A Comissão de Defesa dos Direitos da Pessoa Idosa da Câmara dos Deputados aprovou projeto de lei definindo que a pessoa com mais de 60 anos terá o direito de escolher o formato de cobrança por fornecedores de produtos e serviços.
A proposta altera o Código de Defesa do Consumidor para que os maiores de 60 anos possam escolher entre boletos impressos ou digitais. Além disso, dispensa o comparecimento presencial quando esse público busca serviços, desde que seja assegurada a identificação – por meio de biometria ou de outras tecnologias.
O projeto altera ainda o Estatuto da Pessoa Idosa , para considerar como prática discriminatória a definição de exigências não extensivas a outros públicos, como o comparecimento físico obrigatório em bancos ou em outras instituições.
O texto aprovado é o substitutivo do relator, deputado Lincoln Portela (PL-MG), para o Projeto de Lei 554/24 , dos deputados Alex Manente (Cidadania-SP), Any Ortiz (Cidadania-RS) e Amom Mandel (Cidadania-AM), cujo objetivo era similar.
“Têm sido recorrentes as reclamações das pessoas idosas, oriundas de gerações e de épocas mais distantes dos avanços tecnológicos e das ferramentas digitais que a sociedade hoje utiliza”, afirmou Lincoln Portela ao defender as mudanças.

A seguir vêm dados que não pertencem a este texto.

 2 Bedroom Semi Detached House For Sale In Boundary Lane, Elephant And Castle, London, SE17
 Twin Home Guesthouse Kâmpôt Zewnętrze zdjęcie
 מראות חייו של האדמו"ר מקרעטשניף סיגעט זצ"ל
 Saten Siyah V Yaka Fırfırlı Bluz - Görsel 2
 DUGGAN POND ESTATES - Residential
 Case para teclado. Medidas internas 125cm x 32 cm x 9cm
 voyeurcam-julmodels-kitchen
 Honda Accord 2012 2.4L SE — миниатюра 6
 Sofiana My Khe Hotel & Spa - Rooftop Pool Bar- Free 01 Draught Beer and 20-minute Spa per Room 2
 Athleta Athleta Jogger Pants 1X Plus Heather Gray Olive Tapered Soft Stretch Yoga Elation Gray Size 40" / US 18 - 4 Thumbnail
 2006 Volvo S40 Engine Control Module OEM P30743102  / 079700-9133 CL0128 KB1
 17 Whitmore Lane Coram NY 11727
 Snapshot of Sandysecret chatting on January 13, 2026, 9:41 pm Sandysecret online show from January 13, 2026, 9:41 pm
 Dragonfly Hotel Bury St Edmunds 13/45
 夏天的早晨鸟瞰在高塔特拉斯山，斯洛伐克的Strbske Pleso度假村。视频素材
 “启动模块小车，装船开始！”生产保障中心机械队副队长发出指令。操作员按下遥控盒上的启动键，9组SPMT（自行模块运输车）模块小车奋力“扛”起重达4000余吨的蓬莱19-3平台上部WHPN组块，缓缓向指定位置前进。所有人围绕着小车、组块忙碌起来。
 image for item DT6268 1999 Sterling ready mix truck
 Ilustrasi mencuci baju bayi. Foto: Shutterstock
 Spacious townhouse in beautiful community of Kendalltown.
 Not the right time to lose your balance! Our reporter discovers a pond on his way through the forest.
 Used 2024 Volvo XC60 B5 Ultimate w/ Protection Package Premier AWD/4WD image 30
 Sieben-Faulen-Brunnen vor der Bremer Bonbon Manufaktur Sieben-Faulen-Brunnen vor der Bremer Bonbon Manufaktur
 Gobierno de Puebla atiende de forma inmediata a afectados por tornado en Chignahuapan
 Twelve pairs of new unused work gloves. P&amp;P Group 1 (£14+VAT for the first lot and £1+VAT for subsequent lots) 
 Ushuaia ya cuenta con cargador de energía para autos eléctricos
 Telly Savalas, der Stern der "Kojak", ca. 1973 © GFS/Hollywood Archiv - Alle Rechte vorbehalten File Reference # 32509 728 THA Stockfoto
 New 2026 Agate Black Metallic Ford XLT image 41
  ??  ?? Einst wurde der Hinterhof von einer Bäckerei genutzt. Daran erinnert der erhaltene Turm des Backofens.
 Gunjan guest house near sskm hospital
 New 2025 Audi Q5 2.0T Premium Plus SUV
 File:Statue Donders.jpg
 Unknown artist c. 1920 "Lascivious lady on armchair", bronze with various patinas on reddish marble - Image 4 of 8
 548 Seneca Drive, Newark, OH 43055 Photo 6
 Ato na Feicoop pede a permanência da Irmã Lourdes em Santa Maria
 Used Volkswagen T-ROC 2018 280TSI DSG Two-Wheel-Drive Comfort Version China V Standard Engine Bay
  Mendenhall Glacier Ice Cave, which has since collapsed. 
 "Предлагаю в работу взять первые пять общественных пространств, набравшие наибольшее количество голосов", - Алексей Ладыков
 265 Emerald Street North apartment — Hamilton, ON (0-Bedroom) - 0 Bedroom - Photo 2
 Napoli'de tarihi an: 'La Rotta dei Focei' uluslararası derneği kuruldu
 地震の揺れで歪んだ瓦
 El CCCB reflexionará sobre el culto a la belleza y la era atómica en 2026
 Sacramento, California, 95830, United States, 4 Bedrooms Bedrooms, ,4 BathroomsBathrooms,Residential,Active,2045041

Ao elaborar a redação final, o relator acatou uma emenda do deputado Ossesio Silva (Republicanos-PE). “As sugestões apresentadas são válidas, pois fortalecem os direitos e a proteção à pessoa idosa”, explicou Lincoln Portela no parecer.
Próximos passos
O projeto tramita em caráter conclusivo e ainda será analisado pelas comissões de Defesa do Consumidor; e de Constituição e Justiça e de Cidadania.
Para virar lei, terá de ser aprovado pela Câmara e pelo Senado.